Daraus kann man schließen, dass nicht unbedingt dringender Handlungsbedarf in Sachen Unfallvermeidung herrscht – aber nicht, dass ein Tempolimit auf Autobahnen nichts für die Verkehrssicherheit bringen würde. Wo heute die Geschwindigkeit begrenzt wird, geschieht es ja oft, um Gefahren abzuwehren. Man könnte also vermuten, dass Strecken mit und ohne Limits die Autofahrer in ähnlicher Weise stressen und zu Unfällen beitragen. Womöglich lassen sich also durch ein Absenken der Geschwindigkeit auf »freien« Strecken solche fatalen Fehler am Lenkrad reduzieren.

Viele internationale Studien zeigen zudem, dass langsameres Fahren die Sicherheit verbessert und ein Beschleunigen des Verkehrs größere Gefahren bedeutet. Um solche Daten zu systematisieren, wird oft eine Studie aus Schweden mit einem griffigen Ergebnis zitiert: Ein Prozent geringeres Tempo führt zu zwei Prozent weniger Unfällen mit Verletzten, zu drei Prozent weniger Unfällen mit Schwerverletzten und zu vier Prozent weniger Unfällen mit Getöteten. Das Problem dabei: Die Untersuchung aus dem Jahr 2004 von Göran Nilsson vom Institut für Technologie in Lund, aus der die Faustformel stammt, behandelt als höchste Geschwindigkeit 112 Kilometer pro Stunde. Ob man daher die entsprechenden Effekte erzielt, wenn man frei laufende deutsche Premiumautos von 160 auf 130 bremsen will, ist nicht unbedingt gesagt. Es ist aber kaum vorstellbar, dass es keine Effekte gibt.

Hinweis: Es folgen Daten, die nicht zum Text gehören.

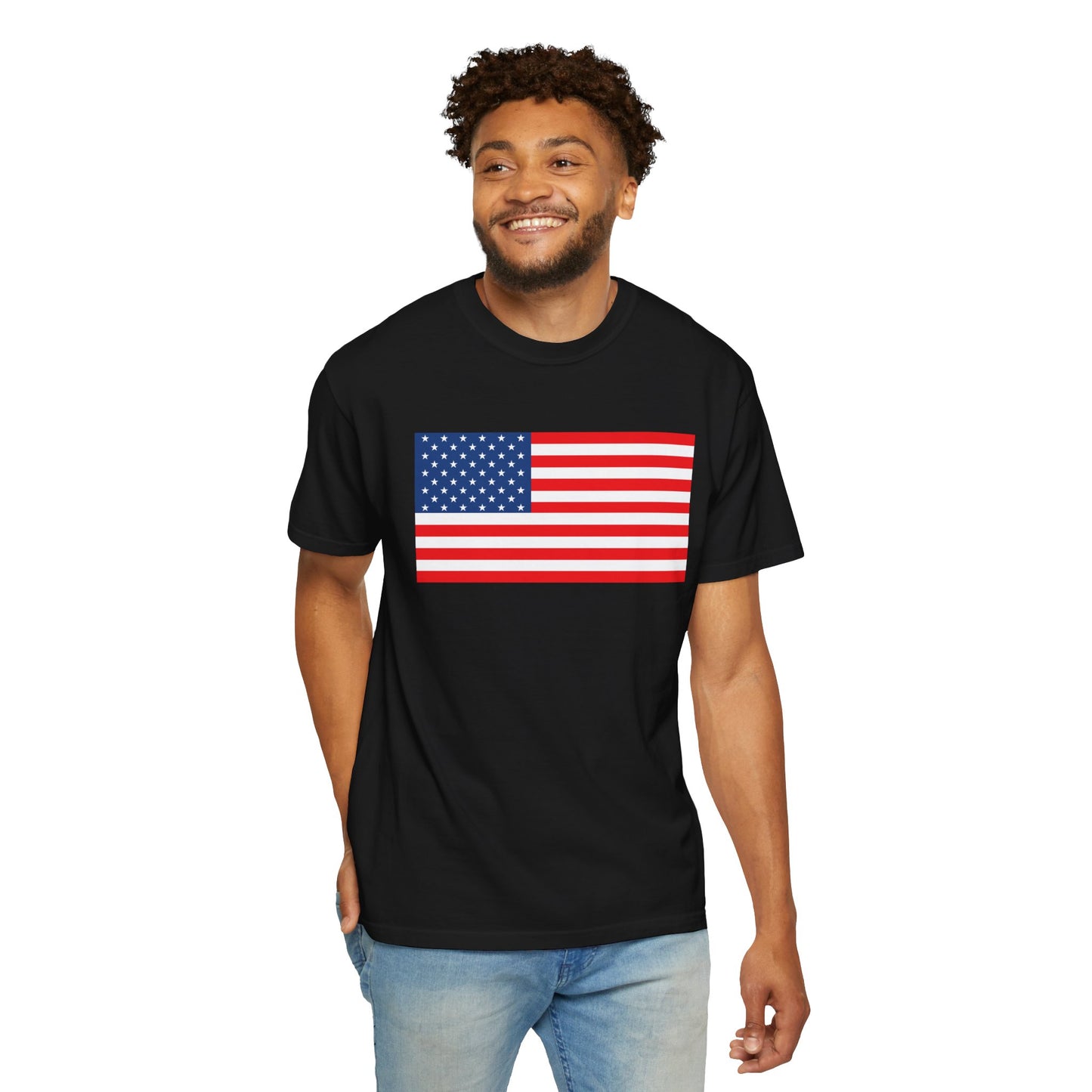 United States of America Flag Shirt | USA Tshirt | USA Pride Tee | Rep Ya Flag Shirt | Heritage Gift | Unisex S-4XL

Fazit: Bringt ein Tempolimit was?

Eine ganze Reihe von Daten zeigt, dass eine Begrenzung der Geschwindigkeit auf Autobahnen mit großer Wahrscheinlichkeit einige erwünschte Folgen hätte: weniger Kohlendioxid, weniger Schadstoffe, weniger Verkehrstote. Doch die Effekte sind womöglich klein; sie später statistisch nachzuweisen, dürfte von Details der Annahmen und Messverfahren abhängen. Das würde den Gegnern des Tempolimits die Chance geben, die Resultate grundsätzlich anzweifeln. Es ist daher kaum anzunehmen, dass sich die Debatte so oder so befrieden ließe.

Vor diesem Hintergrund kann man den Satz der Bundesumweltministerin Svenja Schulze (SPD) verstehen, die in einem Interview gesagt hat, der Streit um ein Tempolimit auf Autobahnen sei eine »Symboldebatte aus der Vergangenheit«. In der Politik heißt Symbol in der Regel: bringt wenig und ist sehr schwierig durchzusetzen, weil auch die jeweiligen Kontrahenten den Symbolwert erkennen und entsprechend erbitterten Widerstand leisten. Der Streit wird also weitergehen.